DS: Yes. Don’t forget what it is in your own make-up that draws you to psychology. Remains curious and skeptical-do not mistake even the most intricate system of concepts for a dogma that must be adhered to. There is a dangerous human need that no amount of analysis can cure, which is the false comfort of believing you belong to a club that has all the answers, and knows exactly who the enemies and frauds are. No school of thought is a church. Be aware of that need within yourself, and fight it at all costs. That kind of thinking is behind all the worst impulses of humanity. I spend a few hours a week in online forums that exist for the purpose of exploring a certain range of phenomena through a depth psychology lens. Some of the dogmatic certainty and sheer bad manners come regularly from the very same people who chair departments and write widely respected books of theory and practice.
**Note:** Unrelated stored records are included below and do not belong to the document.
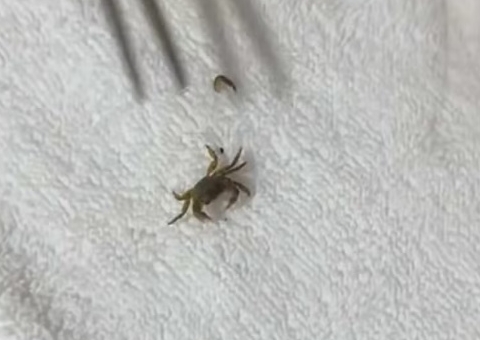 Caranguejo é retirado de dentro da orelha de criança após dia de praia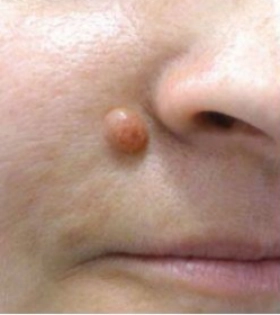 Удаление атеромы  - фото до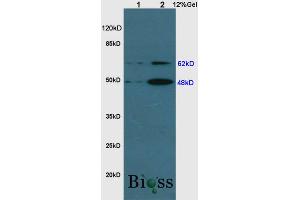 L1 rat kidney lysates, L2 rat brain lysates probed : Anti-GDF9 (ABIN682153) at 1:200 in 4 °C.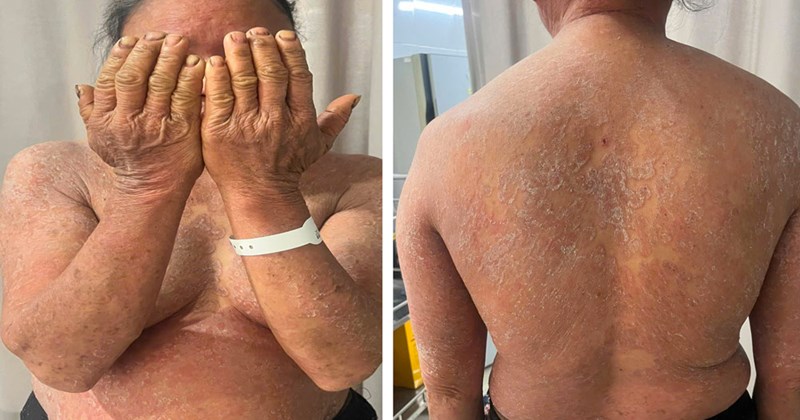 Tự ý dùng thuốc bôi, nấm da lan rộng khắp cơ thể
The political and religious mindsets, the us-vs-them mentality of very well educated primal hordes, remain something that holds back the spirit of inquiry at a very primitive level. Be better than that – remain curious, read outside the syllabus whenever time permits.

Our field still has a lot of growing up to do, and treating the illusion of scientific certainty as a means of being superior to another bunch of analysts is something we should all be above by now. But the splits that formed our field over the past century-Freud and Jung, the different post-Freudian schools-are still happening. It is up to a community of self-aware individuals to read the originals, not the innuendo laden critiques that one’s own compatriots write about that “other” guy, and truly let the various metaphorical systems that are our best and only ways of putting psychological things into words, develop and cross-fertilize. Heed Bronowski:

It is important that students bring a certain ragamuffin, barefoot irreverence to their studies; they are not here to worship what is known, but to question it.
— Jacob Bronowski
The Ascent of Man (1973), 360.

And, give the institute what it demands as quickly as you can and then devote the rest of your career to all that. I’m pleased with a lot of what I’ve done during a long stay at Derner and then after, but I would like some years back, if only I could have a do-over. Don’t make the same mistake. The rest of your career is the time for defining who you are and changing the world a bit.